Wir möchten das russische Außenministerium an einige Tatsachen erinnern, die außer Acht gelassen wurden. Dann würden die Informationen einen ganz anderen Sinn bekommen.

Zur Information
Lollapalooza — ist ein amerikanisches Festival für alternative Rockmusik, das 1990 zum ersten Mal in Chicago organisiert wurde. Die letzten Jahre fand das Festival auch in Lateinamerika statt. In Berlin gab es Lollapalooza zum ersten Mal 2015 auf dem ehemaligen Flughafen Tempelhof. Da die Flughafengebäude inzwischen der Unterbringung von Flüchtlingen dienen, fand das Festival im darauffolgenden Jahr im Treptower Park und im Jahr 2017 in Hoppegarten außerhalb Berlins statt.

Tatsache Nr. 1

Das Ehrenmal im Treptower Park und der Treptower Park sind nicht gleichzusetzen, wie zahlreiche Menschen aus der Ex-UdSSR tun. Der Park ist einer der Lieblingserholungsplätze der Berliner und mit seinen 88,2 Hektar einer der größten der Hauptstadt. Das Ehrenmalgelände am Rand des Parks beträgt lediglich neun Hektar. Das Ehrenmal nimmt nur einen kleinen, wenn auch historisch wichtigen Teil des Parks ein.

Tatsache Nr. 2

«Tanz auf den Gerippen», zu dem das Festival Lollapalooza laut Frau Sacharowa werden könnte, entspricht nicht den Tatsachen. Unmittelbar auf dem Gelände des Memorials mit den 7500 Gräbern sowjetischer Soldaten sind keine Musikveranstaltungen erlaubt. Außerdem weisen die Festivalveranstalter ausdrücklich darauf hin, dass das Ehrenmal unter Denkmalschutz steht. Das bedeutet, dass von den Verantwortlichen alles unternommen wird, um das Gelände vor «Vandalismus» zu schützen.

So ist geplant, während der Konzerte einen Zaun um das Gelände zu ziehen — das sagte Sabrina Kirmse, die Pressesprecherin des Bezirksbürgermeisters Treptow-Köpenick.
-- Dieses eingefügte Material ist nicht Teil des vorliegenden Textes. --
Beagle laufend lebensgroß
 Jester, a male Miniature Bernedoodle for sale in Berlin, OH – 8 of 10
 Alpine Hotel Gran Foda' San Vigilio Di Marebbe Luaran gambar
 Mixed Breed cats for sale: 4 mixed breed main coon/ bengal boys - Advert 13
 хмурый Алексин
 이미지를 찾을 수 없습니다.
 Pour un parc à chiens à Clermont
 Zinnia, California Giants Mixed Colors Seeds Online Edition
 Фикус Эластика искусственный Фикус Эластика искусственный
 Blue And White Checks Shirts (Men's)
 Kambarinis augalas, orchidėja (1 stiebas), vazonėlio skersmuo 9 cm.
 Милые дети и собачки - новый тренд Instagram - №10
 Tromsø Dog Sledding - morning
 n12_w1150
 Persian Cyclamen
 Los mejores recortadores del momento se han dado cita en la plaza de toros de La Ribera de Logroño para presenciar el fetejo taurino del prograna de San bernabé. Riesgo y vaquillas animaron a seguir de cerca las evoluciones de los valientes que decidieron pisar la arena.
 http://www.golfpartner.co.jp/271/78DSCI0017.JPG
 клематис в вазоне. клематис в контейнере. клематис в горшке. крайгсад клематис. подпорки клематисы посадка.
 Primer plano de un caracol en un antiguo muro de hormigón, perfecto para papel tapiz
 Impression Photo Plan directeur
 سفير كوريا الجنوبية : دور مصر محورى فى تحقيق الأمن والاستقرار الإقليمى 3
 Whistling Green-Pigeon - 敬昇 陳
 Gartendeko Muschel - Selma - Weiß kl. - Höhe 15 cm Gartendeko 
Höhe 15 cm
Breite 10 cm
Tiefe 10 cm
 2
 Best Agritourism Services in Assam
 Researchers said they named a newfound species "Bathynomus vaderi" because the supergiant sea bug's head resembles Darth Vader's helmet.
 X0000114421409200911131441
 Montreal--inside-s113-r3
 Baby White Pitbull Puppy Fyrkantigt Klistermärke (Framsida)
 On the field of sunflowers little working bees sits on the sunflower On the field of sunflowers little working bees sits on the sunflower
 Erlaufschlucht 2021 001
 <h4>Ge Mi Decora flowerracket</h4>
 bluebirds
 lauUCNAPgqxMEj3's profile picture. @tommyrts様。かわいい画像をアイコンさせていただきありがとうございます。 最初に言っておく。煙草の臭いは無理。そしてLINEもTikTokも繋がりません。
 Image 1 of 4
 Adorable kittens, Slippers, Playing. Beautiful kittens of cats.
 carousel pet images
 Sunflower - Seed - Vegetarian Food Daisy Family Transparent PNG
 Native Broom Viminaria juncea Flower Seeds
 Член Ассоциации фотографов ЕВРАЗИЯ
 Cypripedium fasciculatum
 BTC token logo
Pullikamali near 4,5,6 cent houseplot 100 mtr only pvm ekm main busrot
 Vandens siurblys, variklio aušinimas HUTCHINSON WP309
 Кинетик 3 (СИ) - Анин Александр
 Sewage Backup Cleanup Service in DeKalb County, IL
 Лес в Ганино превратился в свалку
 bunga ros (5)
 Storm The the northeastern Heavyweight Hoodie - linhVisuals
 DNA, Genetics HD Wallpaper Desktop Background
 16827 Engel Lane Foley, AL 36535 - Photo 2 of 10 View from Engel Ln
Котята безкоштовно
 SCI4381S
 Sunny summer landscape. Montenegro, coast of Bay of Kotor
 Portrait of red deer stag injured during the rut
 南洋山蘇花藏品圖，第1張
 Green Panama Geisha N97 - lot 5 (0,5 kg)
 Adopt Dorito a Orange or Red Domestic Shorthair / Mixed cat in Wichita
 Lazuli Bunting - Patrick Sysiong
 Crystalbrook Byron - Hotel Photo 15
Hätte man tatsächlich geplant, direkt auf dem Gelände des Ehrenmals ein Festival zu organisieren, wäre ein Riesenskandal die Folge gewesen. Es ist auch anzunehmen, dass das russische Außenministerium wohl weiß, dass dies in einem Land, das alle Kriegsopfer unabhängig von ihrer Herkunft achtet, einfach nicht möglich ist. So ein Affront würde womöglich zu diplomatischen Spannungen führen.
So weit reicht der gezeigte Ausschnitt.